BRIEF
In the records below, find the line with "Orange satin shorts", then retype it and every following line exactly, stopping after the line with "POPETPOP 10 Stücke". Leave the pictures out.

MATERIAL SHOWN
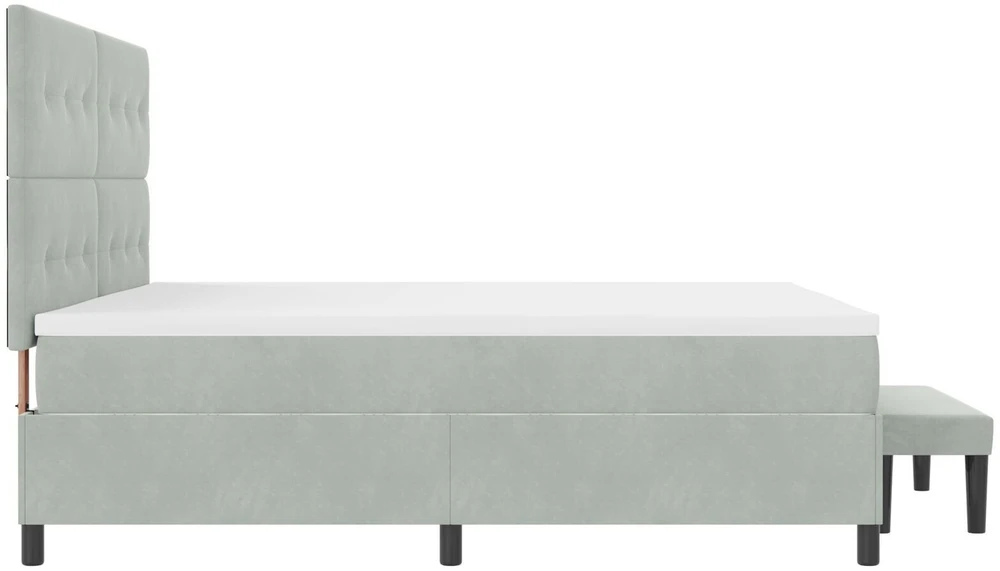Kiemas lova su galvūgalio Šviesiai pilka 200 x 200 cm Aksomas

---

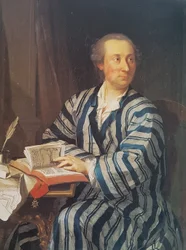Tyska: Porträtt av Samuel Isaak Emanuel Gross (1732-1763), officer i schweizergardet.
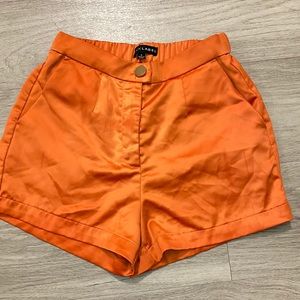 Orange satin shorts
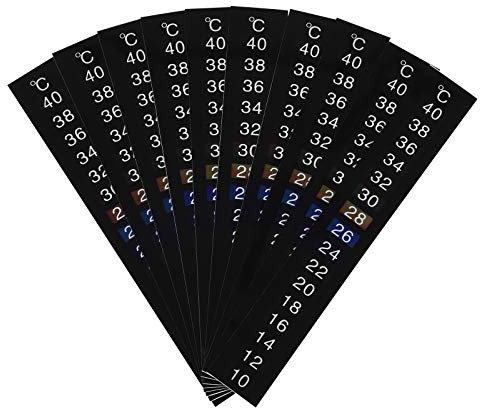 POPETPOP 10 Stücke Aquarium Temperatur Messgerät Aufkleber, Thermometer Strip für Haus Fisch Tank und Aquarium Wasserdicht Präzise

==

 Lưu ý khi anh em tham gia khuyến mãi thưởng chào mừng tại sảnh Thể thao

RESPONSE BELOW
 Orange satin shorts
 POPETPOP 10 Stücke Aquarium Temperatur Messgerät Aufkleber, Thermometer Strip für Haus Fisch Tank und Aquarium Wasserdicht Präzise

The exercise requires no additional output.